Tuesday, March 5, 2019

Asere's Story



Asere started out as a bit of a mystery.  Not the word, an unmistakable cubanísmo of West African origin with fluid meaning but generally glossed as bro, dude, amigo, right-hand man.  I mean Asere: The Havana All Stars, coming to Overture Hall on March 15 and billed as a traditional Cuban son orquesta updated for the twenty-first century. “Son” is an umbrella term for multiple, related rhythms, but if you’re not sure what it is think Buena Vista Social Club. I’ve been into son for 40 years; it’s an addiction I picked up from my asere, Ricardo González, proud Camagüeyano and proprietor of the Cardinal Bar until he sold it a couple of years ago to a corporation that turned it into a soccer dive with a different name. I’ve heard a lot of son over the years, danced to all of it, written about some of it, scoured the record store on Calle Obispo in Havana in search of it. And yet – I’d never heard of Asere, the band. I wasn’t the only one; recently, over dinner with friends, the concert came up. “I never heard of them before,” said Ricardo.
According to Overture’s website, Asere is “back by popular demand” – but while this is the band’s second US tour (the first, apparently wildly successful, was in 2016), the upcoming show is Asere’s first Madison appearance. Do not mistake Asere: The Havana All Stars for the Afro-Cuban All Stars, led by the great Juan de Marcos González, who spearheaded the Buena Vista groups. The ACAS has played Madison three times over the years, and Juan de Marcos was the UW-Madison Arts Institute’s artist in residence in 2015.
By digging deep I found a couple of Asere’s albums on Amazon – one released in 2009, the other from 2013 – with teensy audio clips and absoutely no information – plus the official Asere 2018 tour video on YouTube, which I pirated for this post. This small evidence leaves no doubt that Asere is as Cuban as rum, cigars, and ‘50s Chevrolets, but it didn’t clear up the mystery. Who are these musicians, and why aren’t we familiar with them? 
Online I found a few tiny interviews with bandleader and trompetista Michel Padrón, but nothing substantive – I was left with a whole lot of questions. Luckily, Asere’s manager, Peter Dake, who happens to have been born in Oshkosh and raised in Waupaca, set up an interview with Padrón for me.
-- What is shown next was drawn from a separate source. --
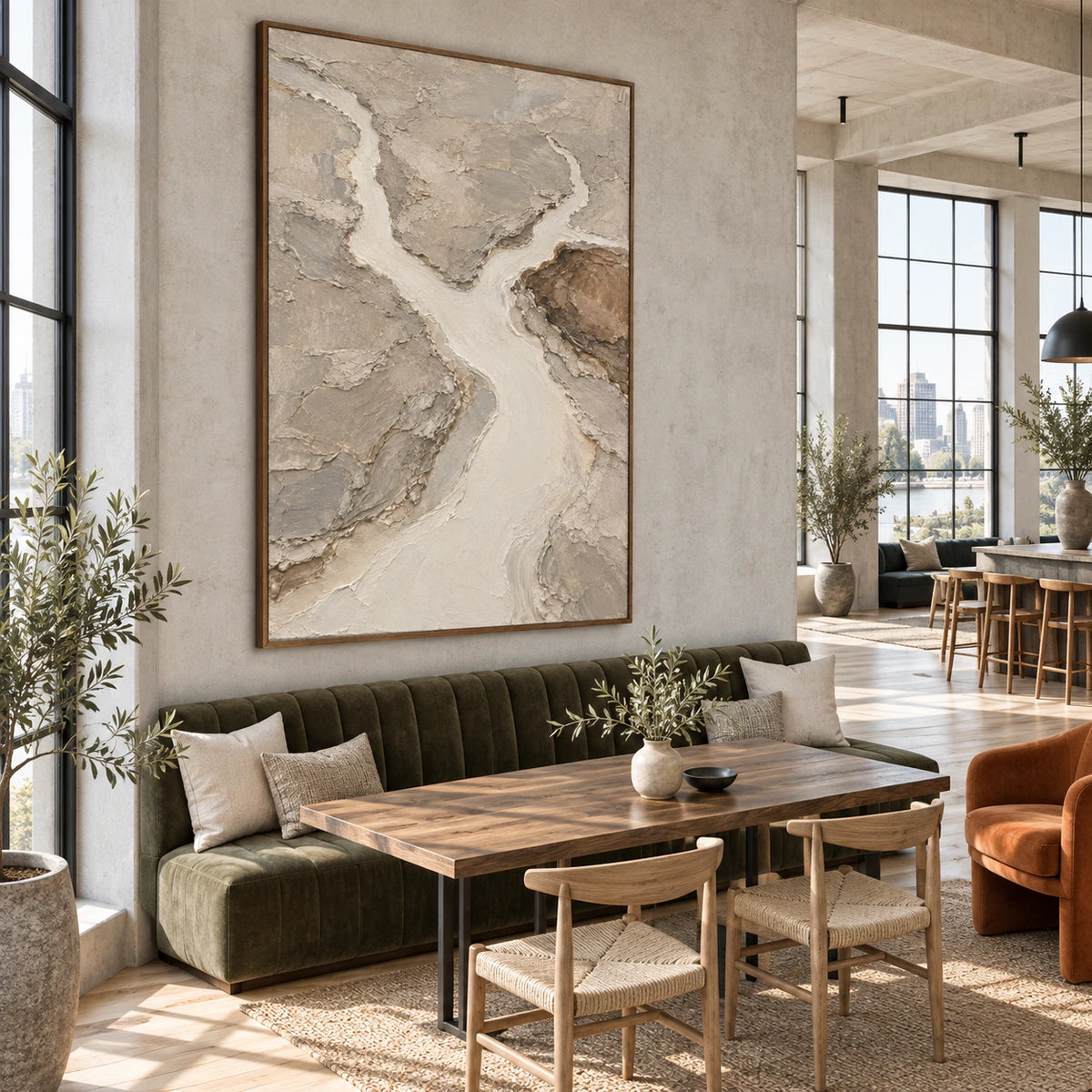 Pale-Confluence in an expansive, daylit loft hospitality interior.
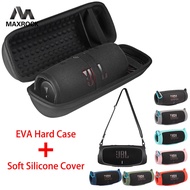 MAXROCK Hard EVA Travel Bags Carry Storage Box + Soft Silicone Case For JBL Charge 5  Bluetooth Spea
Here’s what I found out:

CulturalOyster: I don’t know much about this band, so let’s start with you. I read somewhere that growing up you studied at the Conservatorio Amadeo Roldán.  So many great Cuban musicians studied there – Juan de Marcos, Chucho Valdés, Paquito D’Rivera, Arturo Sandoval, Gonzalo Rubalcaba... What else can you tell me about growing up in Havana? Were your parents musicians?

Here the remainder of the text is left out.